(DATA PROVIDED)

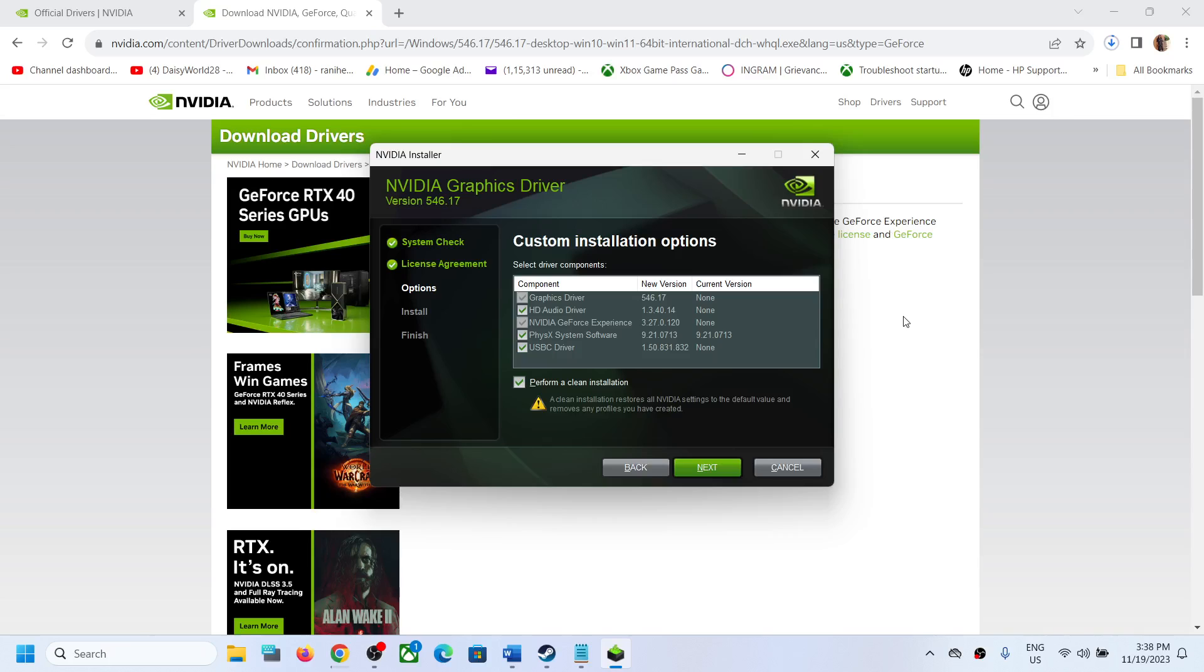graphic card driver updated on your computer. So that'll be all. Thank you so much for your time and please like this video and subscribe to my channel.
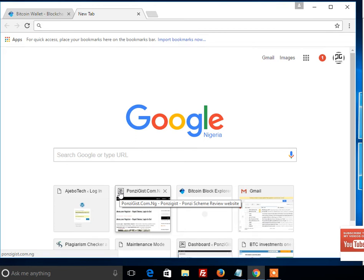JST.com.ng tutorial center — as you all know, this is a center for all your online investment, especially bitcoin. This tutorial is going to be on how to convert your bitcoin into naira, because most of you guys ask these questions a lot.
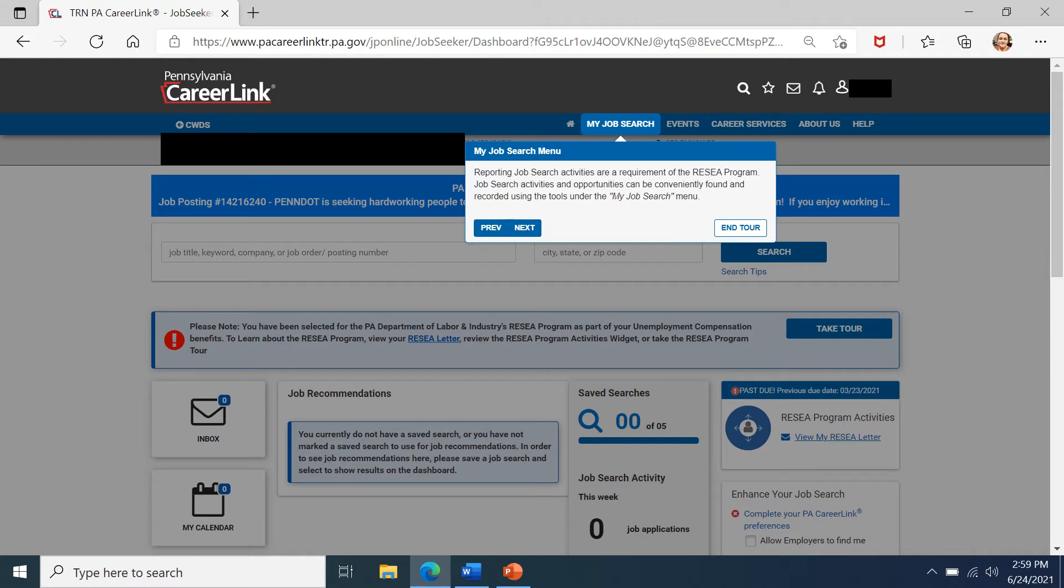Next, you'll need to record all of your job searching activities that you have done outside of the PA CareerLink website. You can access this by clicking the My Job Search lettering in the blue ribbon at the top of the page and selecting job search activities.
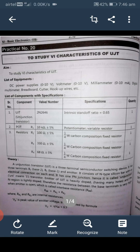Theory regarding UJT: a Unijunction Transistor is a three-terminal semiconductor switching device. It has three terminals — B2 (Base 2), B1 (Base 1), and Emitter. It consists of an N-type silicon bar with an electrical connection on each end and has one P-N junction, hence it is called a Unijunction Transistor.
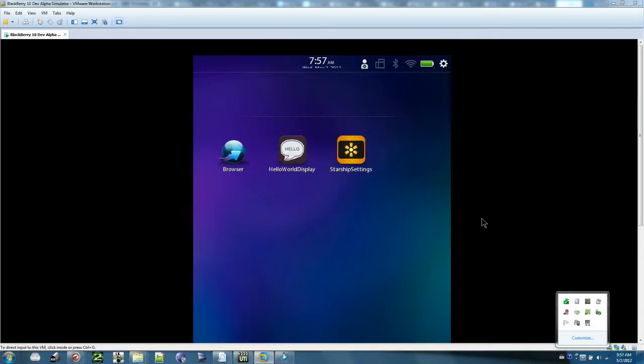Hey, so I just wanted to share with everyone the new Blackberry 10 developer environment and basically how apps are going to look, the UI elements.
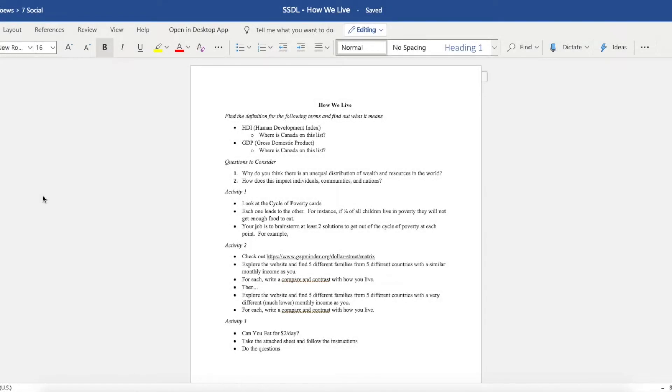Welcome to the next unit in social studies. We are now going over poverty, hunger, and solutions, and we're going to start with hunger. But the first assignment is called How We Live, and in this assignment you have a few things that you need to do.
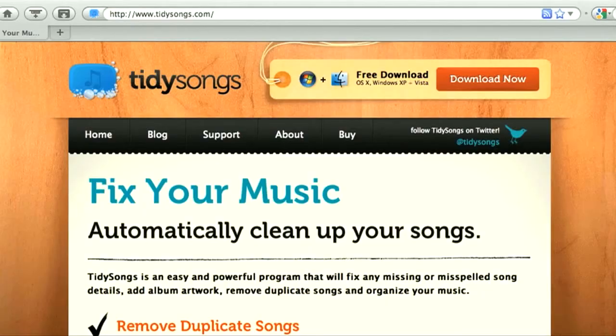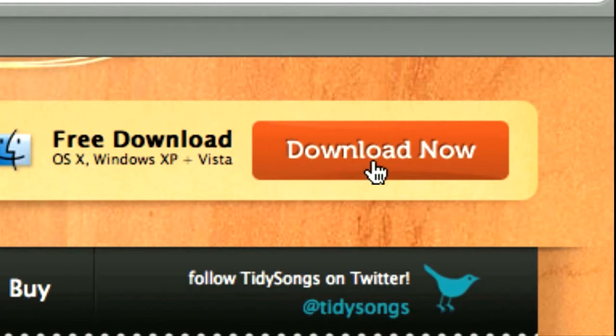Hello, I'm Becky and I'm going to show you how you can clean up and organize your music with Tidy Songs. Tidy Songs is very easy to use — you just go to our website TidySongs.com, download the application and start cleaning your music right away.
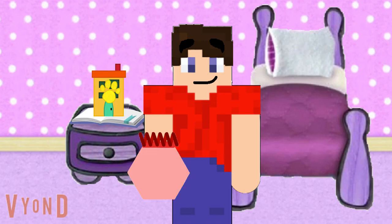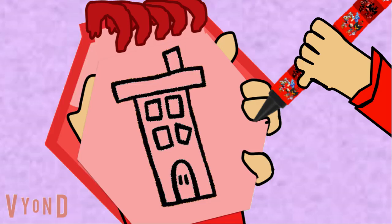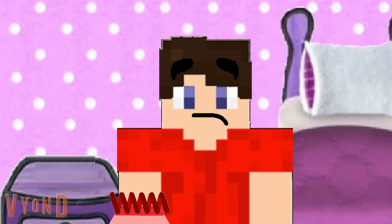Alright, a building. Let's see. To draw a building, we start with a rectangle, then another one for the roof, another one for the chimney, some squares to make windows, and a door. There, a building. So, where could Spot wanna go with a building?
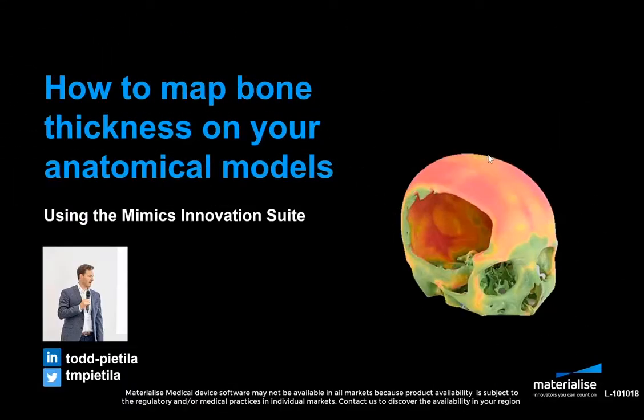Hi, this is Todd Petilla speaking, and this tutorial will cover how to map bone thickness on the surface of your anatomical models using the Mimics Innovation Suite.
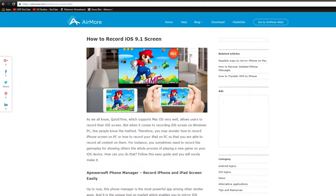Hey guys and welcome back to another HZ Studios tutorial. Today we're going over how to record your iPhone screen with your computer.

(End DATA PROVIDED)

* TASK REQUIREMENTS:
Your task is to repeat, word for word and with no picture, every line from the one that contains "Next, you'll need" through the last line of the data.

* EXERCISE SOLUTION:
Next, you'll need to record all of your job searching activities that you have done outside of the PA CareerLink website. You can access this by clicking the My Job Search lettering in the blue ribbon at the top of the page and selecting job search activities.
Theory regarding UJT: a Unijunction Transistor is a three-terminal semiconductor switching device. It has three terminals — B2 (Base 2), B1 (Base 1), and Emitter. It consists of an N-type silicon bar with an electrical connection on each end and has one P-N junction, hence it is called a Unijunction Transistor.
Hey, so I just wanted to share with everyone the new Blackberry 10 developer environment and basically how apps are going to look, the UI elements.
Welcome to the next unit in social studies. We are now going over poverty, hunger, and solutions, and we're going to start with hunger. But the first assignment is called How We Live, and in this assignment you have a few things that you need to do.
Hello, I'm Becky and I'm going to show you how you can clean up and organize your music with Tidy Songs. Tidy Songs is very easy to use — you just go to our website TidySongs.com, download the application and start cleaning your music right away.
Alright, a building. Let's see. To draw a building, we start with a rectangle, then another one for the roof, another one for the chimney, some squares to make windows, and a door. There, a building. So, where could Spot wanna go with a building?
Hi, this is Todd Petilla speaking, and this tutorial will cover how to map bone thickness on the surface of your anatomical models using the Mimics Innovation Suite.
Hey guys and welcome back to another HZ Studios tutorial. Today we're going over how to record your iPhone screen with your computer.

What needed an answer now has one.